Sunday, April 20, 2014

The Strange Bedfellow

As I’ve written before there was a nine-month stretch when I shared my Baltimore apartment with a cat.

When it came sleeping arrangements, Archie was mercurial. There were times when he’d join me in bed, flopping as he was wont to do, his furry brown back with the black stripes in my face. Other times, he’d have no interest in joining me at night, preferring instead to wander the darkened apartment, leap atop the kitchen cupboards, or find other places to rest.

Regardless of how he spent the night, the mornings were mostly the same. Around five he’d come into the bedroom and leap onto the bed. If I didn’t get up with enough immediacy he’d proceed to my nightstand, where he’d knock my phone to the floor. Then my pen. Then my legal pad. A few times, my clock radio. I’d get up and feed him and go back to sleep--on work days for an hour or two, on weekends for quite a bit longer. Sometimes Archie would join me in bed after his breakfast. Other times he’d go about his cat business.

There remains one, specific Saturday morning that was different. When I went back to bed and rolled to one side of the bed to fall asleep. An hour or two later, I woke, rolled onto my back, and looked to my side.

Archie lay there beside me, head propped on a pillow, facing the same way I had been. He opened his eyes and blinked away sleep just as I had.
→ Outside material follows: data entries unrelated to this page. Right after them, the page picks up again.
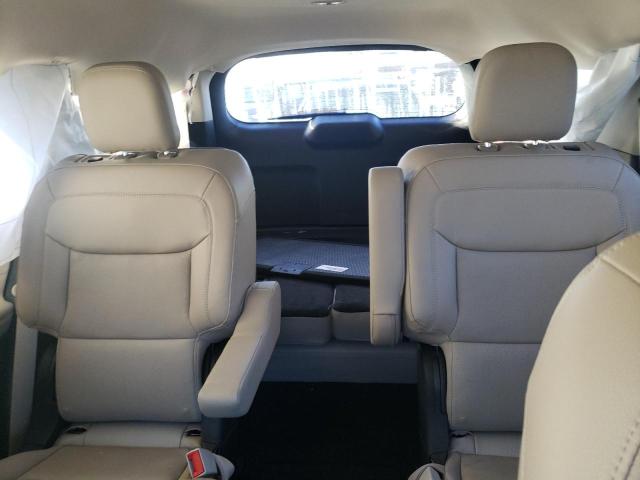 Photo 10 from auction – 2021 FORD EXPLORER L with VIN 1FMSK7FH3MGA02620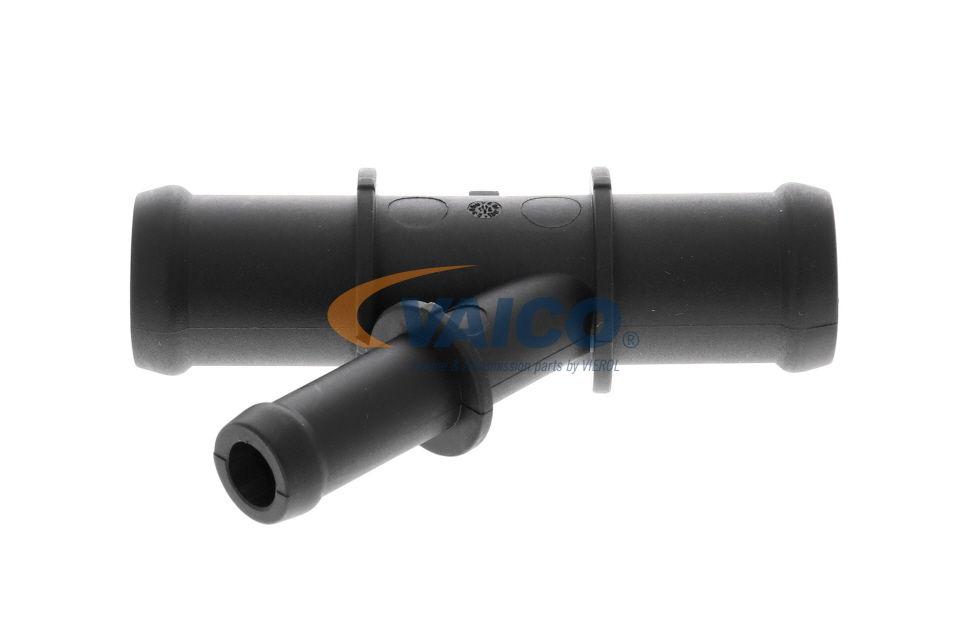 VAICO V10-6547 Kühlmittelflansch VW Touran (5T1) 1.8 TSI 180 PS Benzin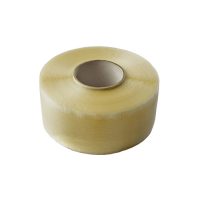 Rukoväť na prenášanie - lepiaca páska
I rubbed his tummy and he purred.

And I thought of how different and the same an animal friend could be to a person. How Archie assumed my posturing in that moment, shared my bed, shared my sleep. And how in the seconds to follow, I knew exactly what to do for him to make him happy. To help him rest easy again.

And I thought of how rarely people do that for another. Sure, rubbing my fingers against someone’s chest and stomach would be a bit presumptuous in most circumstances. But I thought of all of the times I knew the right compliment or question or comment might brighten someone’s day; let alone the impact of a pat on the back or a hug. I thought of all these moments that I had let pass.
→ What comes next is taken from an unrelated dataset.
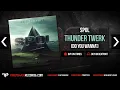 Spol - Thunder Twerk (Do Ya Wanna')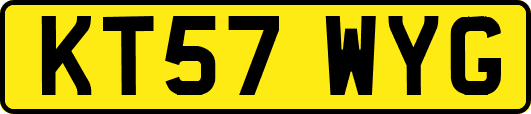 KT57WYG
It was hard to feel too guilty on a Saturday morning, though, when I had forgotten to draw the blinds the night before, and sun poured in from the east warming Archie and me both, and the sky was a clear blue. And though the floorboards creaking overhead informed me my upstairs neighbors had begun to stir, I didn’t yet hear the bass of the sub-woofers from my young couple across the hall, or the Mandarin cries of the first morning argument from next door.

In that moment, there was only me and this cat. His purr turned to a snore and I kept rubbing him until I was sure he was asleep. I watched him for a while in this state of simple contentment. I breathed in and breathed out, and let all manner of heavy thoughts take flight from my mind as I, too, returned to slumber.